I don't think anyone would argue with this  But I didn't think it was that clear earlier in our conversation. For an otherwise healthy person that has a headache once in a while, there is no reason to suffer more than necessary if a couple of ibuprofen will help you. The over the counter, occasional use dose of any of these meds isn't going to hurt your kidneys. However what they are learning through researching some of this stuff is that people dont use them occasionally and dont use them in the doses recommended on the packaging and you definitely can do damage to your kidneys with high doses, frequent or continual doses, and taking it when you're dehydrated, or your kidneys are already stressed by other drugs or alcohol. I looked up the numbers at NEJM and it was people that combined similar drugs (ibuprofen and tylenol you cannot take together as they are processed the same pathway and easily leads to overdose) or people that just took really high doses for a really long time that were mostly harmed. One of the things that leads to confusion is how they reported the results by saying things like 5000 or more pills over their lifetime, makes it sound like each tiny pill is making you a little worse. but I still dont believe that was the intent of the information. I am not a doc though, so I may very well misunderstand the point.

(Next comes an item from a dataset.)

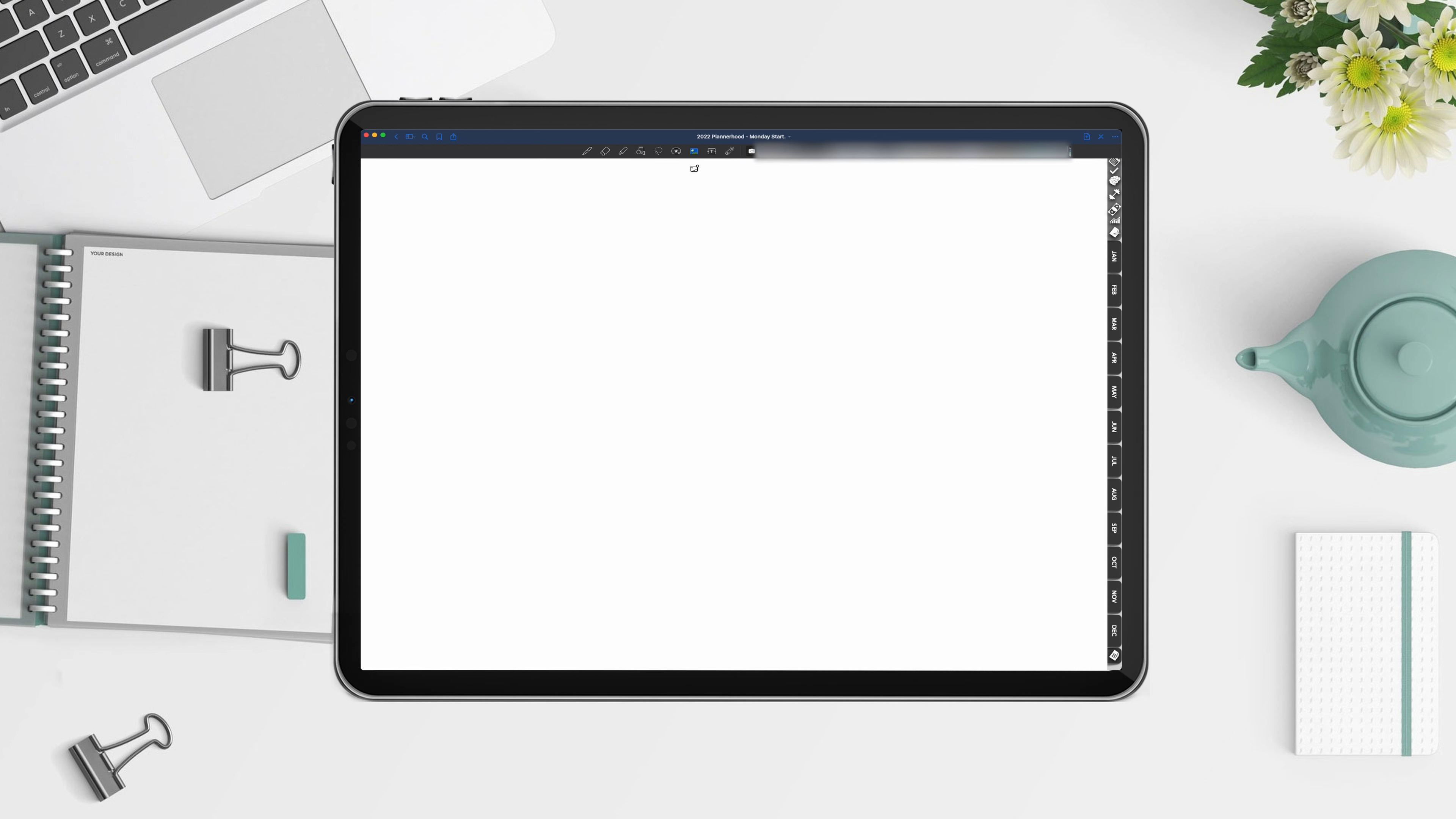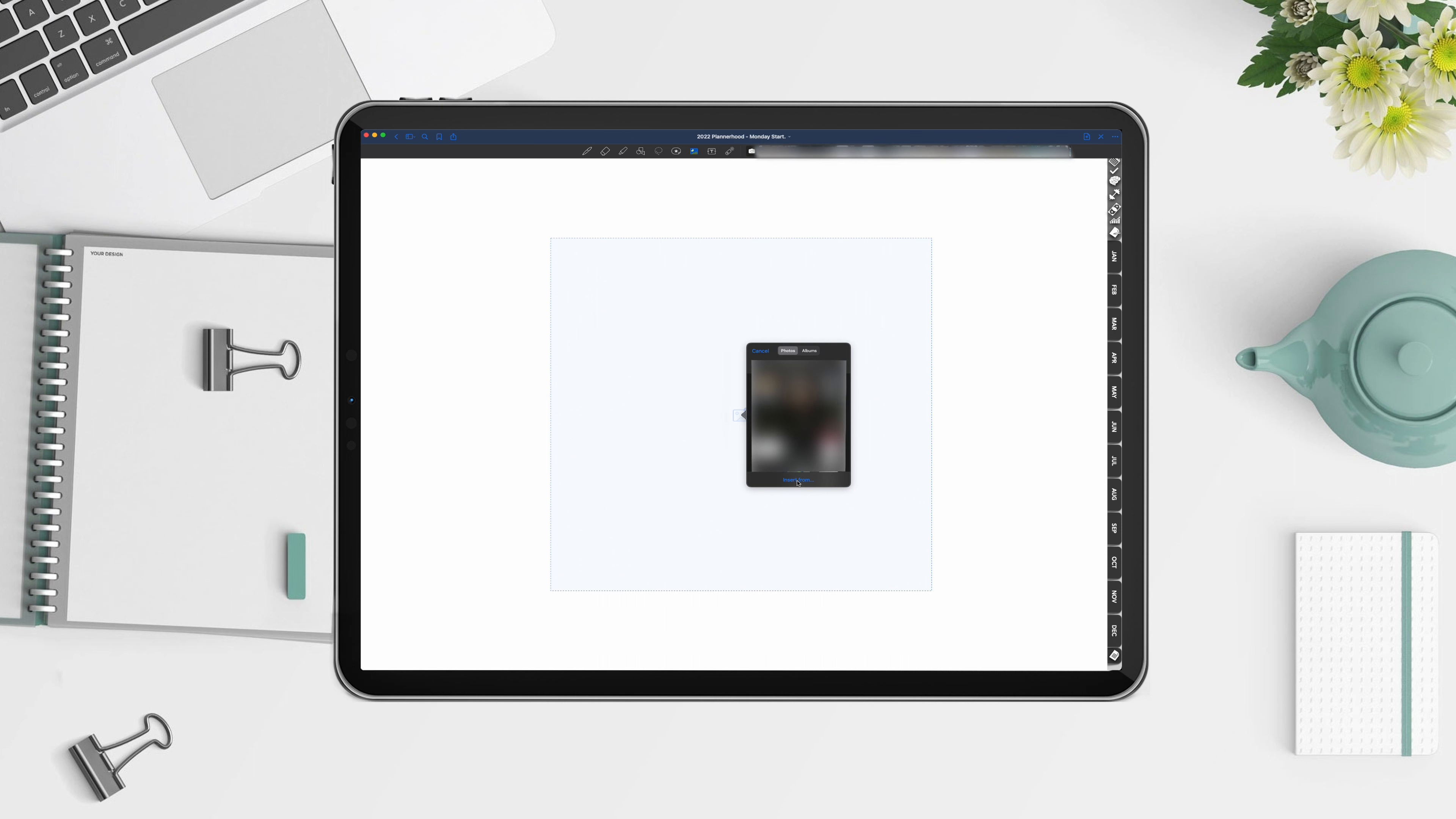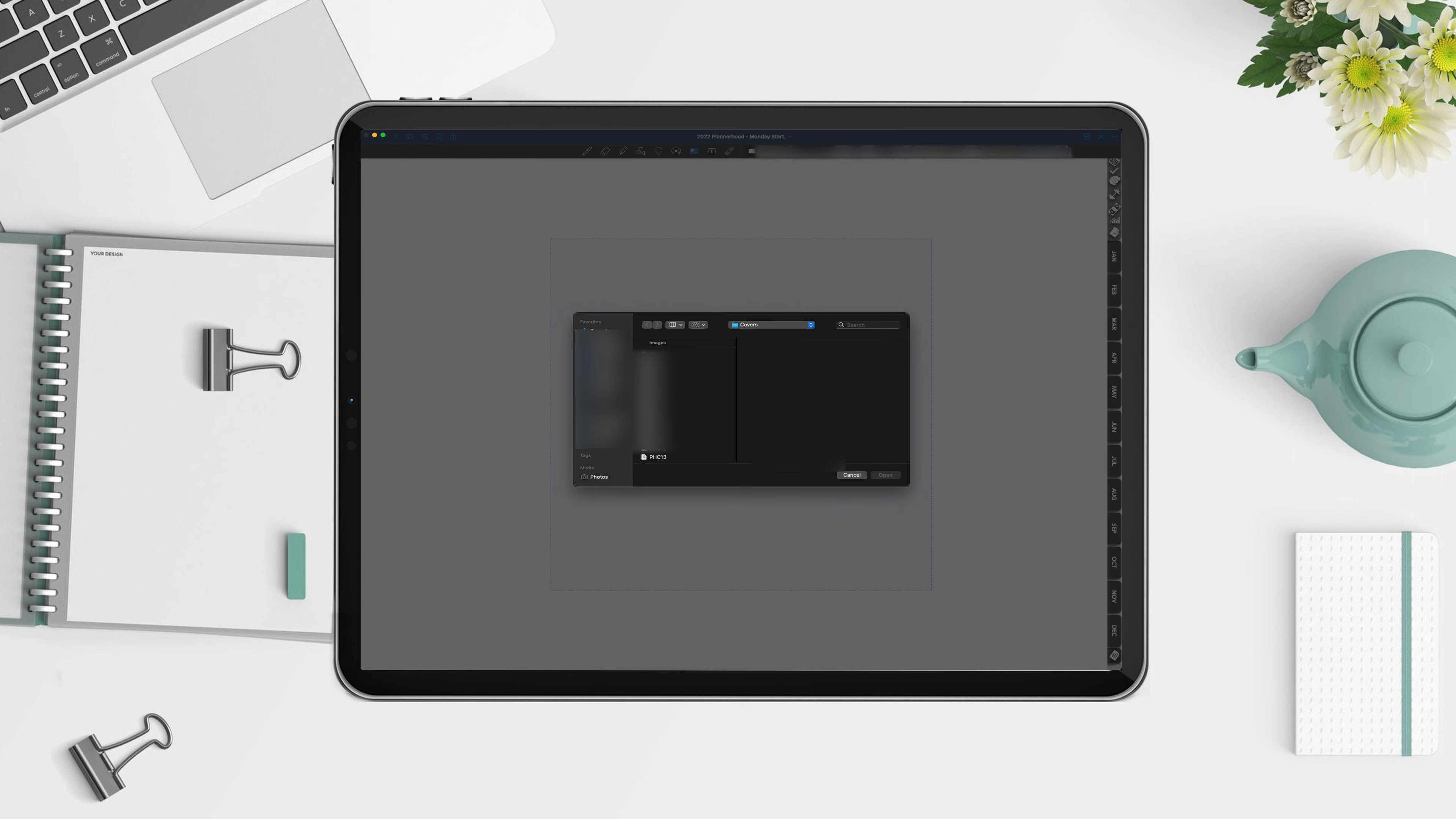Delete the current cover, tap on the image option, navigate to the folder where you downloaded your planner. In my case, it is the downloads folder. Select the one you like.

If you're going to be on chronic high doses of these meds it had better be for a good reason and it had better be under doctors care and monitoring of your kidney function. If you just need a couple for a headache once in a while taking the dose as printed on the bottle is not going to whittle away at your kidney function. If it makes you feel better drink some extra fluids while you're doing it but as long as you're not actually dehydrated it wont cause you problems. Further it looks like acetaminophen is actually more toxic at higher doses than ibuprofen. So if you know that you have kidney issues and dont have stomach issues it might be better to take that. Also dont mix different kinds at the same time. I believe, but am not sure, that Alieve and Ibuprofen are processed by totally different methods and can be taken together, but I might be remembering that wrong so look it up if you really need to do that. It's easy to get confused about just what you're taking. Many over the counter meds are now huge combinations of drugs. Most often contain an NSAID as well as the other drugs. You can completely accidently triple your NSAID dose or worse if you're not careful. there are antihistamines with them already in it, decongestants with it already in it, cough medicine already in it, and then you also take a tylenol and your single dose for your cold actually has 4x the dose of NSAIDS!! This is I think where they are suggesting that people are going wrong and getting hurt. 

Watch out what other stuff you're taking too. You can take all the homeopathic alternative treatments you want since generally water is a good thing for your body  But be very careful with herbs as they can actually contain real active substances which react with drugs. Sighted in the same articles I was reading up on were some really serious, put you on permanent dialysis level problems caused by some "chinese herbs" added to some weight loss regimens. Specifically what they thought were involved were "Stephania tetrandra and Magnolia officinalis" but they also said that some of the chemicals they found in the preparations couldn't be explained by the list of what was supposed to be in them. So other stuff is toxic to your kidneys too.


----------



## Diesel_Bomber (Aug 9, 2009)

Little bump and update.

Melatonin didn't do a darned thing to help migraines, as I'd hoped.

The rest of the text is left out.